Speaking at a news conference in the northern Greek city of Thessaloniki on Sunday, Mitsotakis called the survey ship’s return to Turkey was a “positive first step” towards de-escalation, Bloomberg reported.
“The point is to have continuity,” he said, adding that Greece is always ready to sit at the table of talks to discuss the demarcation of maritime zones.
However, the Turkish Energy Ministry said in a written statement that the Oruç Reis only returned home for routine monthly maintenance and resupplying, and the ship will soon return to its activities. Another research ship, the Barbaros, and the Yavuz drilling ship are continuing its activities in the eastern Mediterranean “based on international law”, the ministry said.
In a televised interview with NTV, Turkish Foreign Minister Mevlüt Çavuşoğlu said the reason why Turkey did not reissue a navigational telex, or Navtex, on the Oruç Reis’ continued activities was because there was “no point” while the ship is in maintenance.
He said the vessels return to Turkey was perceived as a retreat by some, including the Turkish political opposition, but it is “not true”.
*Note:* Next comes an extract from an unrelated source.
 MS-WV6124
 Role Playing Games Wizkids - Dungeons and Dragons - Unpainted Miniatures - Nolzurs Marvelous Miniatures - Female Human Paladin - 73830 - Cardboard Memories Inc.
Kemal Kılıçdaroğlu, leader of Turkey’s main opposition party, the Republican People’s Party (CHP), said over the weekend that the anchoring of the Oruç Reis off the coast of Antalya would be considered a “compromise”.
"We call on the government not to make concessions in our justifiable cases," T24 on Sunday cited Kılıçdaroğlu as saying at an extraordinary meeting of the CHP’s senior officials.
Çavuşoğlu said the CHP's labelling the removal of Oruç Reis as a "compromise" without asking the government the reason of its removal from the eastern Mediterranean is linked to domestic politics.
Separately, he said Turkey did not expect to face European Union sanctions over the dispute with Greece, to take further steps next week but such measures could not be ruled out.
“It could be against our ship, our company, individuals. They took such decisions in the past. Have we given up on our determination? No, our determination increased,” he said.
EU leaders could make a decision at a summit on Sept. 24-25.
The latest developments come during an ongoing territorial spat between Turkey, Greece and Cyprus over offshore energy resources. Greece and Cyprus say that islands have their own continental shelves granting them extensive exploration rights, a claim Turkey contests. Ankara, which does not recognise Cyprus as a state, claims half of the country’s exclusive economic zone on behalf of the breakaway Turkish Republic of Northern Cyprus and has repeatedly carried out warship-escorted offshore drilling in its environs.
Tensions further escalated after Turkey sent the Oruç Reis, also escorted by warships, to explore for hydrocarbons in an area between Cyprus and the Greek island of Crete last month. Athens responded to the move by sending naval and air units to shadow the Oruç Reis and conducting military exercises with Cyprus, France, Italy and the United Arab Emirates in the area – creating a standoff at risk of escalating into a direct confrontation.